I’m a big fan of Chicken Curry – especially Thai Curry. I first fell in love with it at a little place in the Birmingham area called Thai Gardens. When Tall & Handsome’s work carried us out of state for a few years we were fortunate to find Thai restaurants that served my favorite wherever we lived. When we came back home I was disappointed to learn Thai Gardens was no longer where I had left them.
Today’s recipe is my salute to all those great Thai curries I’ve enjoyed. It’s also in keeping with another trend I’ve been taking advantage of – slow cooker cooking. I will tell you this: today’s recipe is not a hot Thai curry. You can make it with curry powder instead of a paste although I do have some recipes that call for pastes; and, I adapted it from a recipe I saw in a Taste of Home cookbook to make it a little more “Thai”- like and healthy. I also use granulated palm sugar. Palm Sugar is a classic Thai ingredient and is reportedly lower on the glycemic index.
Chicken Curry with Rice
2 large potatoes, peeled and cut in large cubes
2 cups baby carrots
1 onion, cut in eights
4 boneless, skinless chicken breast cut into large chunks
1 can lite unsweetened coconut milk
4 teaspoons curry powder
1 teaspoon minced garlic
1 low sodium chicken bouillon cube, crushed
1/2 teaspoon kosher salt
1/4 teaspoon ground black pepper
2 tablespoons granulated palm sugar
Peanuts or cashews for garnish
- Place potatoes, carrots and onions in the bottom on the slow cooker.

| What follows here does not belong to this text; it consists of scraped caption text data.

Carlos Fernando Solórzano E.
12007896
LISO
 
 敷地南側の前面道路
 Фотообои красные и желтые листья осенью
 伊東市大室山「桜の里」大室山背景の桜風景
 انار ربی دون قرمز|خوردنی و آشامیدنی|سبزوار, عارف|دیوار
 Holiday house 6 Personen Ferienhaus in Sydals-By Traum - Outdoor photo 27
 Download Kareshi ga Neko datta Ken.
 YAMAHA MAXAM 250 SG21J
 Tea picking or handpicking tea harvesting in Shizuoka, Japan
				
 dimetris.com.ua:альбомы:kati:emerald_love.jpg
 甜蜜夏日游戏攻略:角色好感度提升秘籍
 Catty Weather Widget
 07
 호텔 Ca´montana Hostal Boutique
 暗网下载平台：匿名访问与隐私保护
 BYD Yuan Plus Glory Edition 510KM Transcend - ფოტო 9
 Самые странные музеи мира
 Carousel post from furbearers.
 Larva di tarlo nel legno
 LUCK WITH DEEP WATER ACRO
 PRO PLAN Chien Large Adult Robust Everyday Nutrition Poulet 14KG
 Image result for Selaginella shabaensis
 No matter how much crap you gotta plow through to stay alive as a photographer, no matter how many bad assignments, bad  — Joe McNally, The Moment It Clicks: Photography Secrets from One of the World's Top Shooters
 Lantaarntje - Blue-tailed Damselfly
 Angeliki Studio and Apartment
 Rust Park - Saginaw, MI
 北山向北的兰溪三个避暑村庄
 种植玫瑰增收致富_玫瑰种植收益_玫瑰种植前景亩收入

- Spray a skillet with cooking spray and brown the chicken breast pieces until brown on all sides. Add browned chicken to the slow cooker.
- In a small bowl mix together: the coconut milk, curry powder, minced garlic, crushed bouillon cube, salt, pepper and palm sugar. Mix well and pour over chicken in the slow cooker.
- Cover and cook on low for 5 – 6 hours.
- Serve over hot white or brown rice and garnish with crush peanuts or cashew.
*If extra liquid is needed during cooking you can add up to 1/2 cup of low sodium chicken broth.